In the instant case the immediate cause of the fall is unknown. We have held that where an employee, while about his work, suffers an injury in the ordinary course of his employment, the cause of which is not explained, but which is a natural and probable result of a risk thereof, and the Commission finds from all of the attendant facts and circumstances that the injury arose out of the employment, an award will be sustained. Robbins v. Bossong Hosiery Mills, supra. In the Robbins case the employee, while reaching up to take some objects from a rack in the course of her employment, lost her balance and fell for some undisclosed reason. There was no evidence tending to show that the fall was caused by a hazard to which the employee was exposed apart from the employment. An award of compensation was upheld. Larson, commenting on the Robbins decision, says: "* * * (T)he North Carolina Supreme Court in effect said that when an accident occurred in the course of employment, and there is no affirmative evidence that it arose from a cause independent of the employment, an award would be sustained." Larson's Workmen's Compensation Law, Vol. 1, s. 10.31, p. 99. There is no material difference between the Robbins case and the one at bar. See also: DeVine v. Dave Steel Co., supra; Morgan v.

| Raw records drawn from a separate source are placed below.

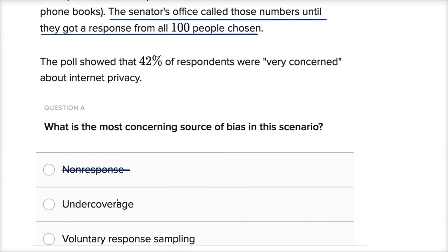Next choice: under-coverage. Under-coverage is where you're not able to sample from part of the population, and because you didn't sample that part, it might introduce bias. Now let's think about what happened in this situation.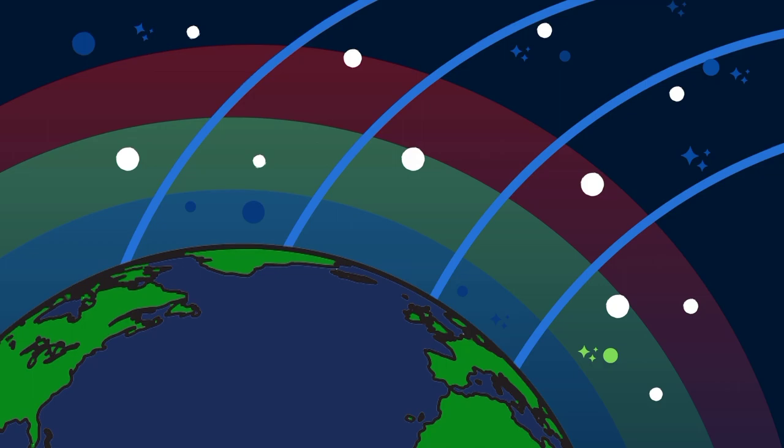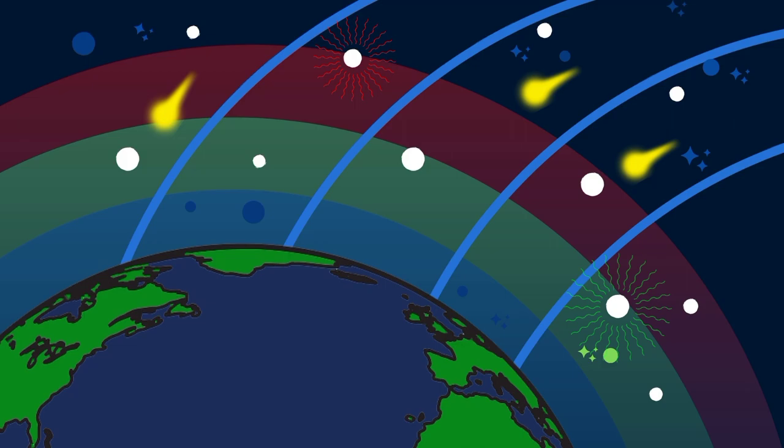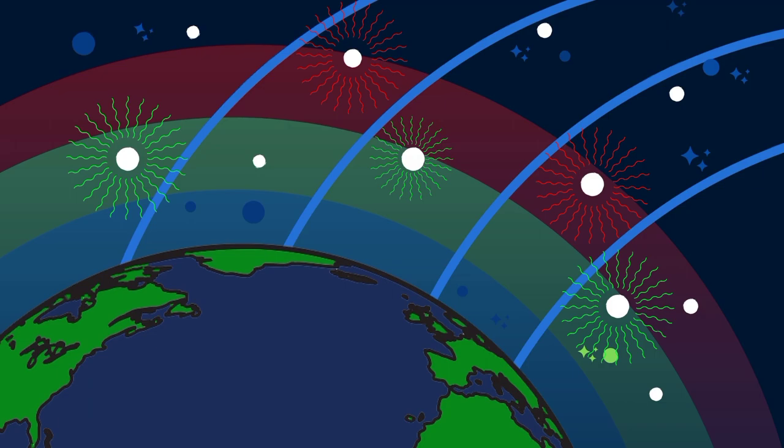Electrons streaming towards Earth, surfing on Alfvén waves, collide with oxygen and nitrogen molecules, kicking them into excited states. These molecules then relax by emitting light, producing the beautiful green and red hues of auroras.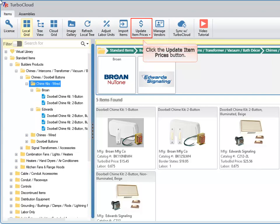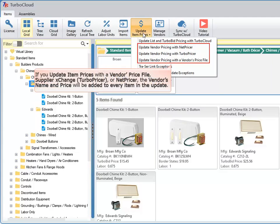Click the Update Item Prices button. If you update item prices with a vendor price file, supplier exchange, TurgoPricer or NetPricer, the vendor's name and price will be added to every item in the update.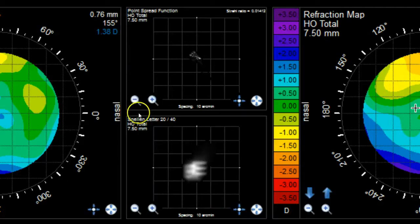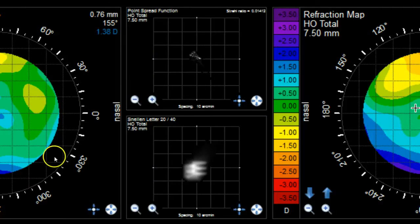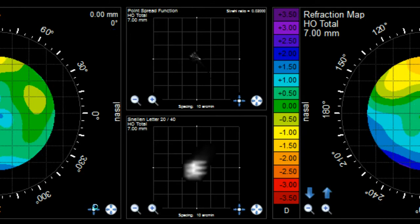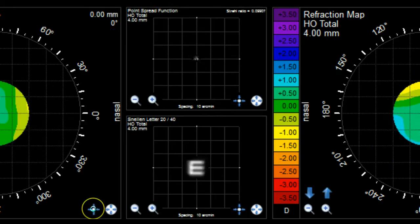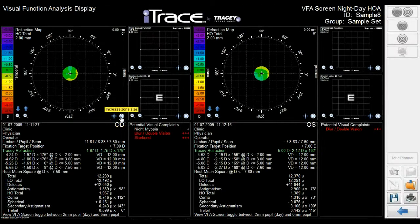These panels display the patient's point spread function and a simulated Snellen E. They illustrate the patient's vision with all lower order aberrations corrected. In other words, this is a simulation of how the patient will see when corrected with traditional spectacles or contact lenses. But this simulation is at the patient's scotopic pupil size. By clicking on the zone size selection buttons, you can illustrate the changes to the Snellen letter or PSF based on the patient's pupil size, showing the night myopia issues present in their vision.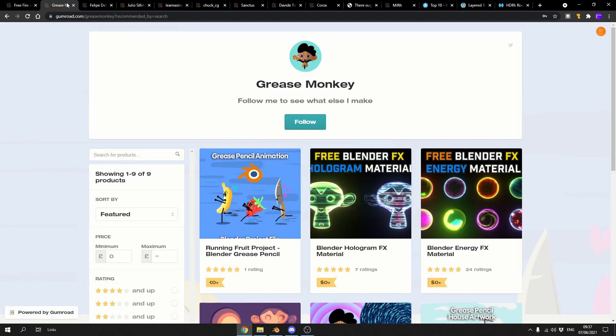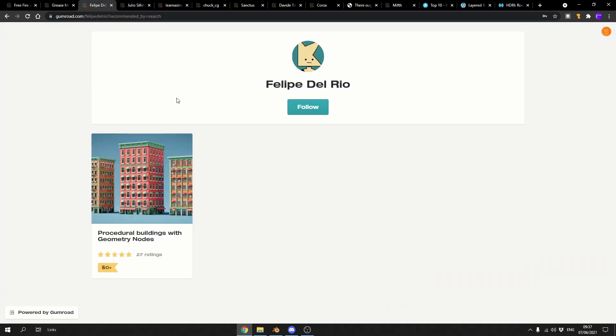Next one up comes from the Grease Monkey. There's a huge bunch of really nice assets here. I got a complaint a couple of days ago, why don't you just link to the object? Well, I want to put focus on the actual artist rather than the product. So it's always good to check out the product page because there is loads of stuff. This is the Blender Hologram FX material, again, available for free.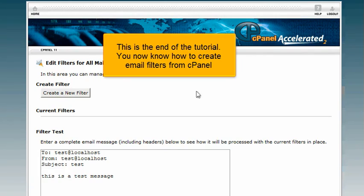This is the end of the tutorial. You now know how to create email filters from cPanel.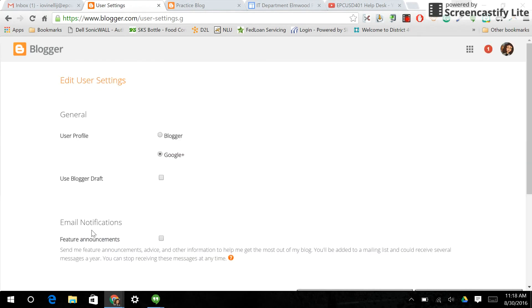So here where it says Email Notifications, you click on Feature Announcements. And then anything that is in regards to Blogger format changing or anything like that, you will receive an email about it so that you're aware.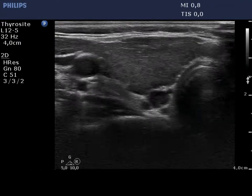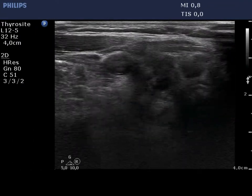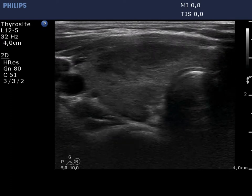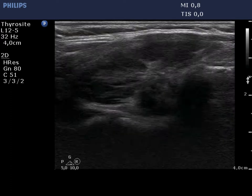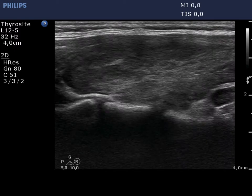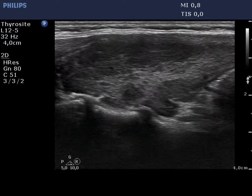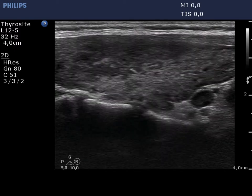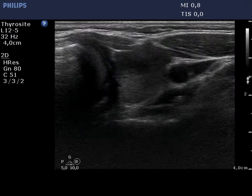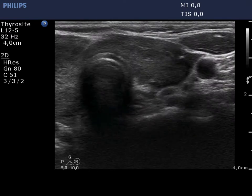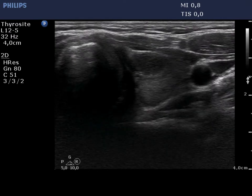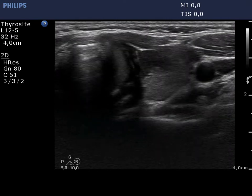The right lobe is composed of hypoechoic and echonormal fields which are clearly not pathological nodules. The borders of the discrete hypoechoic areas are partly blurred, partly puzzle-like. The left lobe has a similar presentation.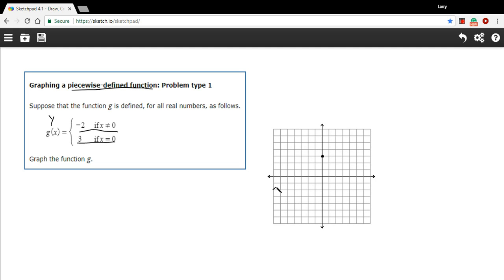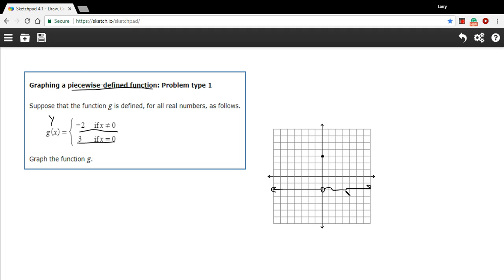What that's going to be is a line like this at negative 2, and it's going to come up to the y-axis, but it's not going to touch it. So we'll show that with an empty circle here, and then it's going to continue on with all these positive x values going off like that. Just imagine that's a straight line.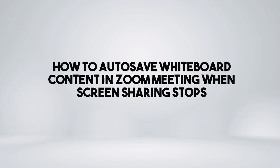In this video, I'm going to show you how to autosave whiteboard content in Zoom meeting when screen sharing stops.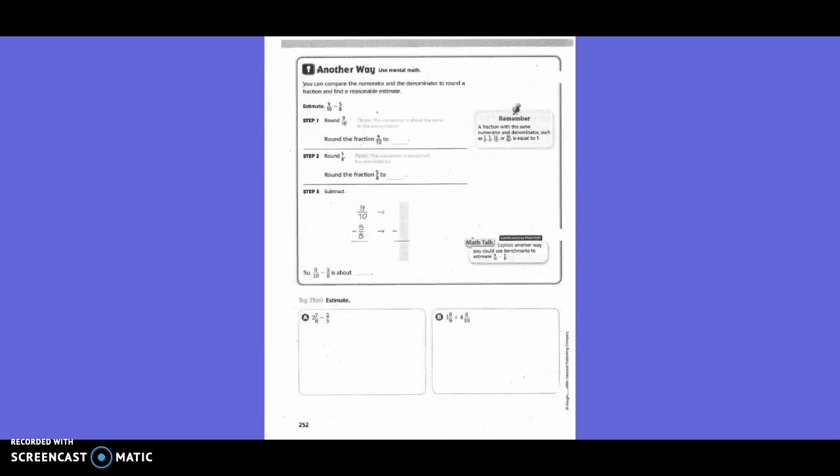Another way: you can compare the numerator and the denominator to round a fraction and find a reasonable estimate. So, 9/10 minus 5/8. Round 9/10 — we know 9/10, and the whole of tenths would be 10/10, so 9/10 is close to 1.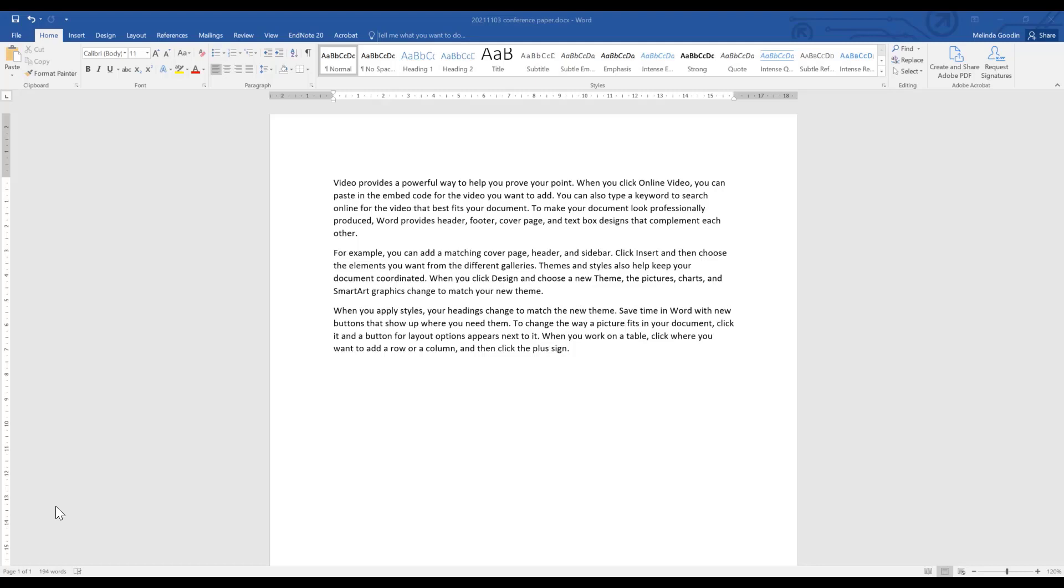Our final section of today's tutorial is going to cover using Cite While You Write. You've had a discussion with your supervisor or co-writers and decided to go ahead with using the Cite While You Write tools, understanding the advantages and limitations. Let's look at how we do this in EndNote 20 and Microsoft Word. I'm using Word 2016, but you may have Word 365. You should have the same tools in your toolbar.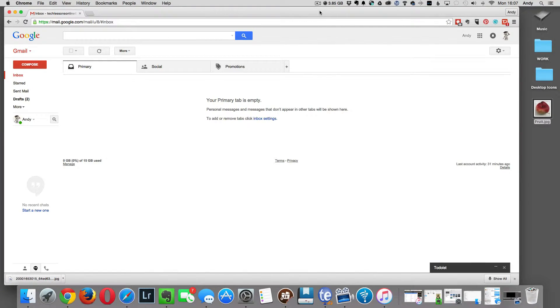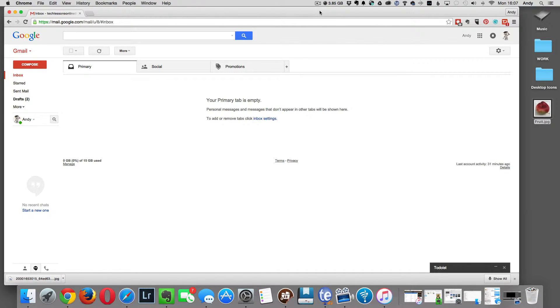Hi folks, this is Andy from Tech Lessons Online and today I'm going to show you how to send an email using Google's Gmail service.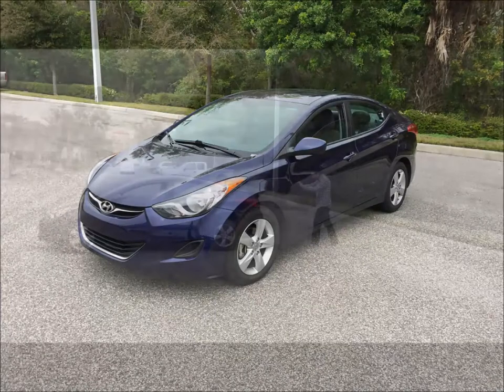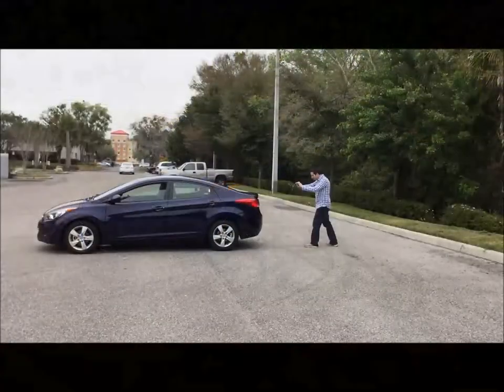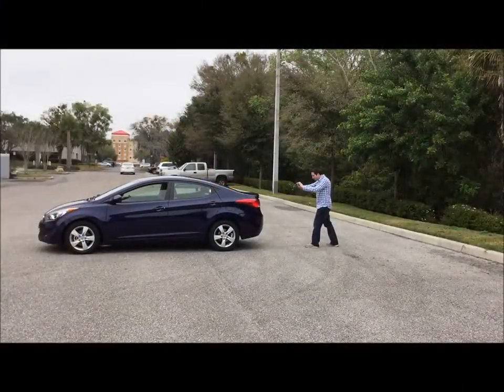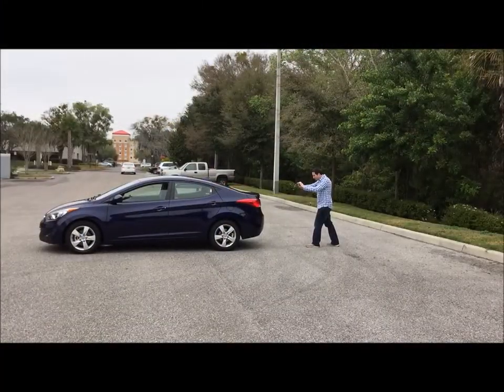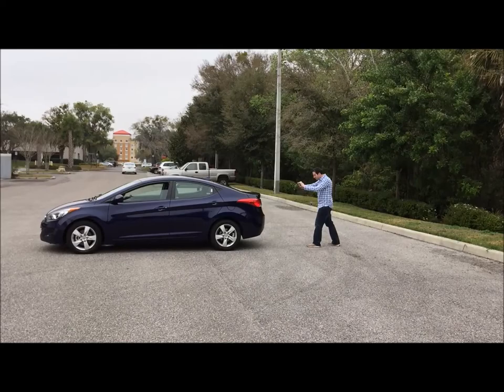Now take a photo that clearly shows the vehicle's model, which is usually located on the back or on the driver's side.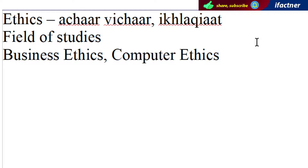To simply humne dekha ki ethics jo hai, wo achar, vichar ko kaha jata hai, ikhlaqiyat ko kaha jata hai. Lekin jab hamein ise broad kerke dekhein, to yeh field of studies hai, aur yeh philosophy ka part hai, aur iske phir different nature ke bahut zyada different field of studies hain.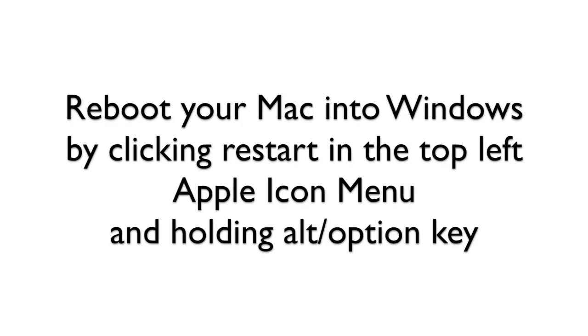Reboot your Mac into Windows by clicking Restart in the top left Apple icon menu and holding Alt Option Key.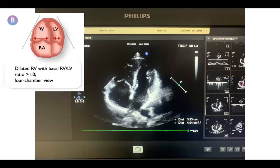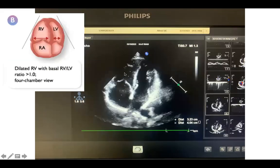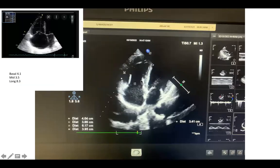We then go to the apical four-chamber view. The first sign here is that the basal right ventricular diameter was 4.04 cm, whereas the basal LV diameter is 3.23, giving an RV-to-LV ratio greater than one. Though the RV dimensions are not yet fully dilated — 4.04 is still less than the 4.1 basal cutoff, 3.8 mid, and 6.1 in the long axis (less than 8.3) — the RV is already larger than the LV without formally crossing all cutoff values.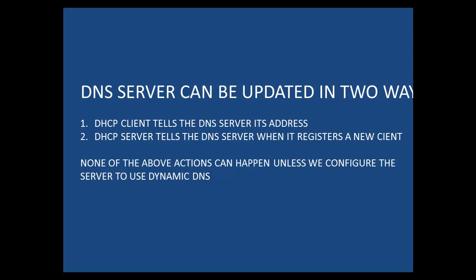We can make this change in two ways. We can make this change at the DHCP scope level, and if we do that, the change will only apply to the particular scope. Or we can make the change at the server level. That means that change will apply to all scopes and super scopes served by the particular server.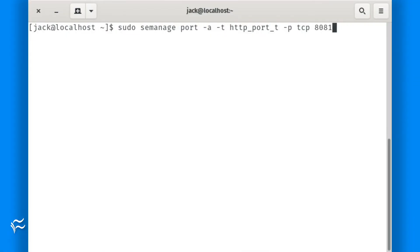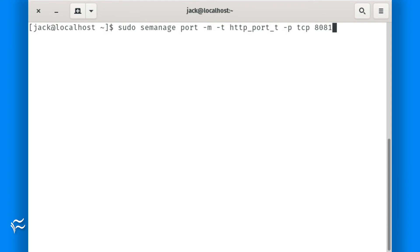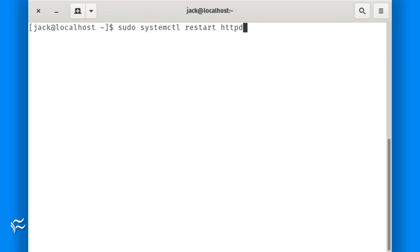Once the software is installed, add the new SELinux rules for port 8081 with the following commands: sudo semanage port -a -t http_port_t -p tcp 8081, then sudo semanage port -m -t http_port_t -p tcp 8081. After running the above commands, restart Apache with the command sudo systemctl restart httpd.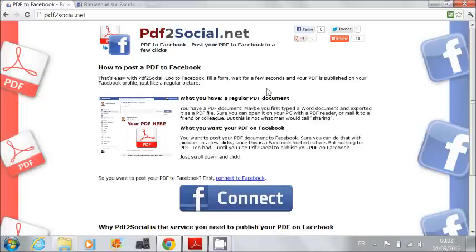Hi. In this video, you will learn how to post a PDF document to Facebook with PDF2Social.net.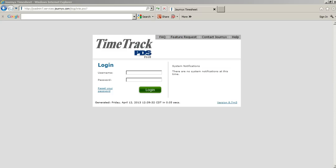In this Time Track tutorial, we're going to take a look at submitting time with straight time and overtime.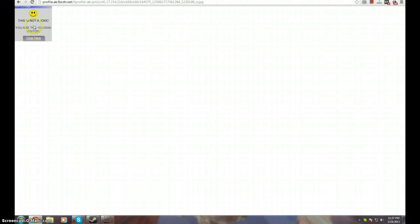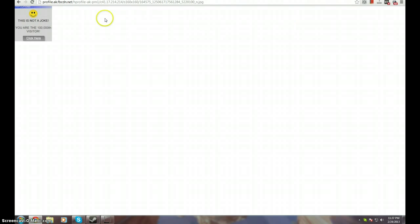It basically looks like this. You see where it says 'this is not a joke, you are the 100,000 visitor, click here.' Well, it comes in two different sizes. It comes like this, or it comes in a long banner that goes like this, and usually it's flashing all over the screen.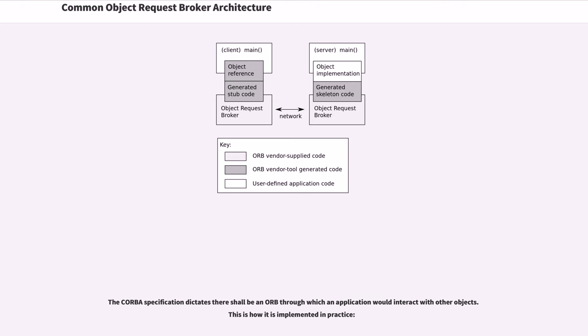The CORBA specification dictates there shall be an ORB through which an application would interact with other objects. This is how it is implemented in practice.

Cleveland Cloth Mills, 207 N.C. 317, 177 S.E. 165. "* * * (M)ost courts confronted with the unexplained-fall problem have seen fit to award compensation." 1 Larson, s. 10.31, p. 97. "There is surprisingly little contra authority." ibid., p. 100.
This rule in unexplained-fall cases, which is applied in North Carolina and in most jurisdictions, was first declared in an English caseUpton v. Great Central Railway Company (1924) A.C. 302 (H.L.). In that case an employee fell on a railway platform in the course of a business errand. The platform was not slippery or defective in any way; the cause of the fall was completely unknown. Lord Atkinson said: *869 "Having been done in the course of the employment of deceased, and the accident having been caused by the doing of it even incautiously, it must, I think, be held that the accident arose out of the employment of the deceased." The decision of the House of Lords was unanimous.
It has been suggested that this result in unexplained-fall cases relieves claimants of the burden of proving causation. We do not agree. The facts found by the Commission in the instant case permit the inference that the fall had its origin in the employment. There is no finding that any force or condition independent of the employment caused or contributed to the accident. The facts found indicate that, at the time of the accident, the employee was within his orbit of duty on the business premises of the employer, he was engaged in the duties of his employment or some activity incident thereto, he was exposed to the risks inherent in his work environment and related to his employment, and the only active force involved was the employee's exertions in the performance of his duties.